His attorneys said he did not want to present any evidence that might embarrass him or his family.
After he was sentenced, Mr. Roof asked a judge to appoint him new attorneys, but the judge said he was not inclined to do so because they had performed “admirably.”
Mr. Roof, who was to be formally sentenced by a judge during a hearing Wednesday, also faces the death penalty if convicted of murder charges in a pending state trial.
Whether he was competent to serve as his own attorney will be a fundamental issue in the appeals process, Robert Dunham, executive director of the Washington-based nonprofit Death Penalty Information Center, said in a telephone interview.
Mr. Dunham said defense lawyers likely will use the trial to show appellate judges that mental illness prevented him from adequately representing himself.
“We are sorry that, despite our best efforts, the legal proceedings have shed so little light on the reasons for this tragedy,” said Mr. Roof’s lawyers, who represented him for the guilt phase.
Mr. Roof sat for 40 minutes with parishioners gathered for Bible study before opening fire as they closed their eyes to pray, Assistant U.S. Attorney Jay Richardson said in his final statement to jurors.
Mr. Roof pulled the trigger 75 times as he methodically killed Rev. Pinckney, 41; Ms. Hurd, 54; DePayne Middleton Doctor, 49; Sharonda Coleman-Singleton, 45; Susie Jackson, 87; Ethel Lance, 70; Myra Thompson, 59; Daniel Simmons Sr., 74; and Tywanza Sanders, 26.
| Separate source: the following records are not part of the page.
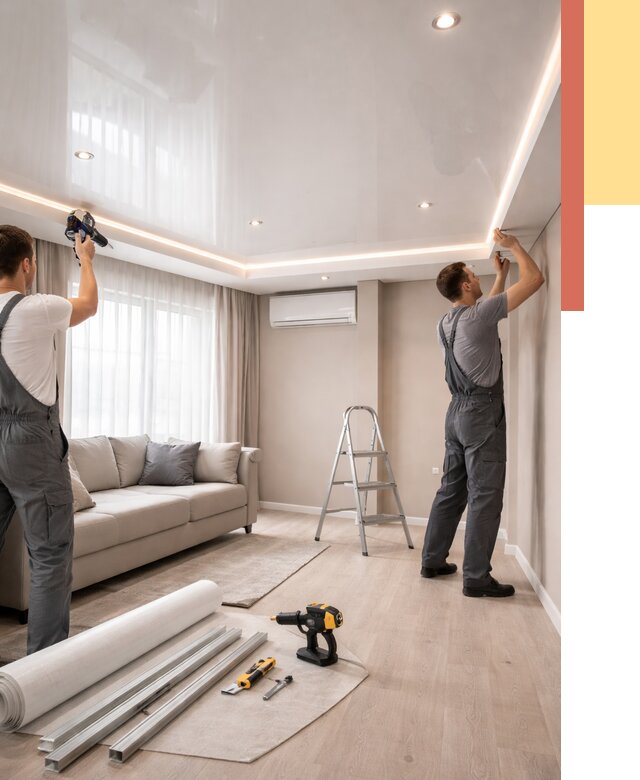 Монтаж глянцевого натяжного потолка в Балашове от 763 руб. под ключ | ОТДЕЛОЧНИК-Бла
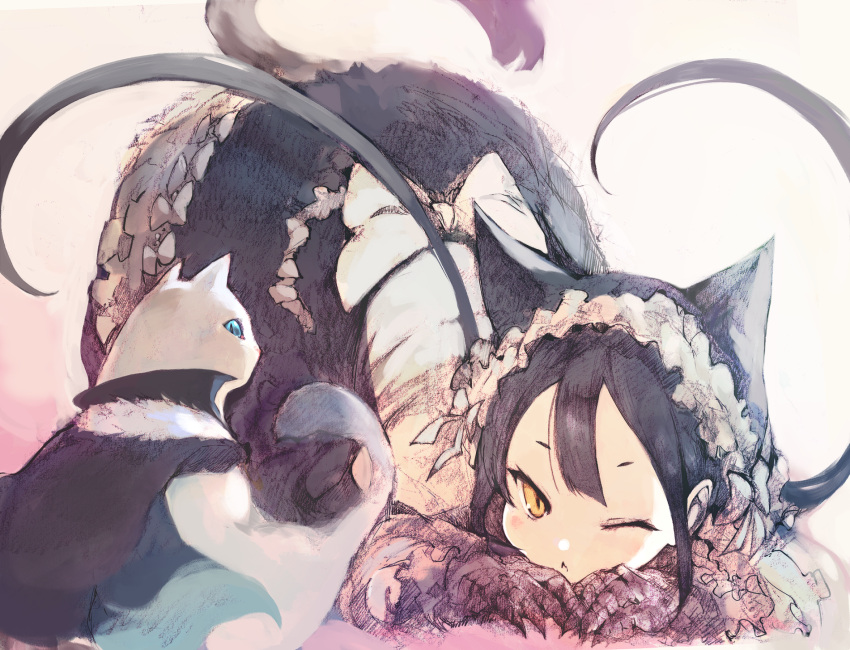 1girl, ;<, animal_ears, black_dress, black_hair, cat, cat_ears, cat_girl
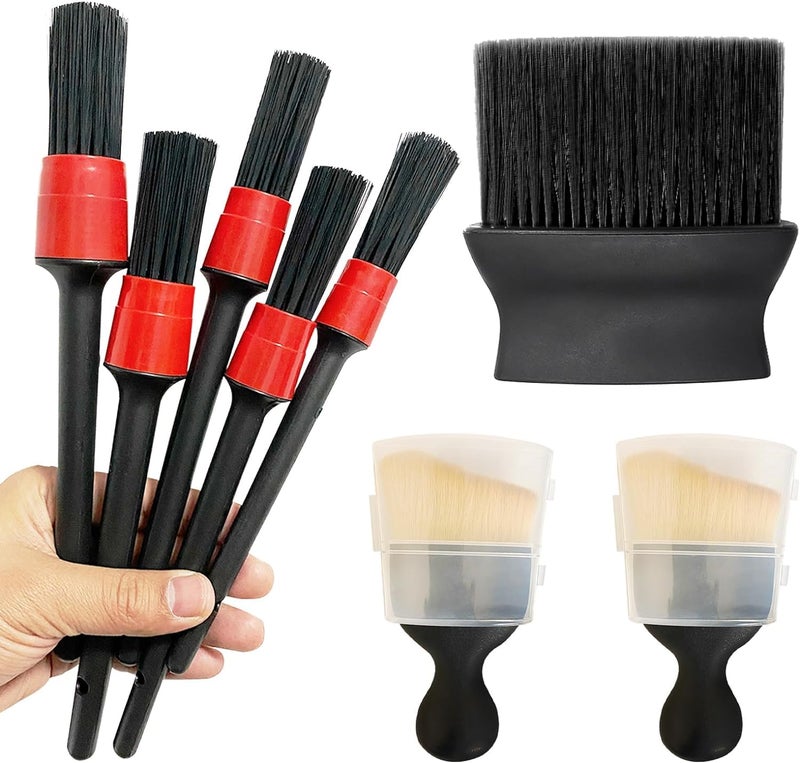 SWAMINE Car Interior Dust Sweeping Soft Brush,Detailing Brush Set for Interior Exterior,Cleaning Dusting for Auto Dashboard,Vents,Computer,Leather(8pcs) - Image 2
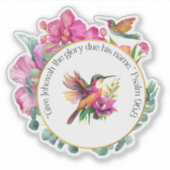 JW Vinyl Sticker 2025 Jahr Text mit Hummingbirds (Vorderseite)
Three people survived the attack.
Jurors heard four days of heart-rending testimony from more than 20 of the victims’ loved ones, who described their legacies of faith and the devastation wrought by Mr. Roof’s brutality.
“What’s wrong here is the calculated racism, the choice to target a church, particularly the people in a church,” Mr. Richardson told jurors. “What’s wrong here is precisely why this is a case that justifies the death penalty.”
The last person sent to federal death row was Boston Marathon bomber Dzhokhar Tsarnaev in 2015.